====== DATASET CONTENT
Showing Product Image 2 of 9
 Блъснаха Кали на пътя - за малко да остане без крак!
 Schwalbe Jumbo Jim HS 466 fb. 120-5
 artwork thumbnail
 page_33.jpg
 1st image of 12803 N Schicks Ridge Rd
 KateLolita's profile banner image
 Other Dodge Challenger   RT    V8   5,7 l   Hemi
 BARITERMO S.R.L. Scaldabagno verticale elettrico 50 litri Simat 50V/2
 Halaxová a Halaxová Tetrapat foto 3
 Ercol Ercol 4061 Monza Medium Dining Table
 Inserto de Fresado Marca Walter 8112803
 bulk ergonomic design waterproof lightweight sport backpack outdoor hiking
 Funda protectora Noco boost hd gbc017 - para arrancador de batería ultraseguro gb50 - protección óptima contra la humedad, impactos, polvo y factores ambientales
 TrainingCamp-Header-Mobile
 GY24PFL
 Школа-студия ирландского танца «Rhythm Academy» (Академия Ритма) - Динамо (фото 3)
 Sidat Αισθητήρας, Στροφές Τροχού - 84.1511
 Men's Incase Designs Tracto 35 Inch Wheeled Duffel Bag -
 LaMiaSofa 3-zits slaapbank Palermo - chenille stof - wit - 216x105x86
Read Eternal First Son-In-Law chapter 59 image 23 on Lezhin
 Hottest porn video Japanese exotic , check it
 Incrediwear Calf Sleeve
============
All lines from the one that has "bulk ergonomic design" through the end of the material above should be returned exactly; omit the rest.

• **YOUR SOLUTION**:
 bulk ergonomic design waterproof lightweight sport backpack outdoor hiking
 Funda protectora Noco boost hd gbc017 - para arrancador de batería ultraseguro gb50 - protección óptima contra la humedad, impactos, polvo y factores ambientales
 TrainingCamp-Header-Mobile
 GY24PFL
 Школа-студия ирландского танца «Rhythm Academy» (Академия Ритма) - Динамо (фото 3)
 Sidat Αισθητήρας, Στροφές Τροχού - 84.1511
 Men's Incase Designs Tracto 35 Inch Wheeled Duffel Bag -
 LaMiaSofa 3-zits slaapbank Palermo - chenille stof - wit - 216x105x86
Read Eternal First Son-In-Law chapter 59 image 23 on Lezhin
 Hottest porn video Japanese exotic , check it
 Incrediwear Calf Sleeve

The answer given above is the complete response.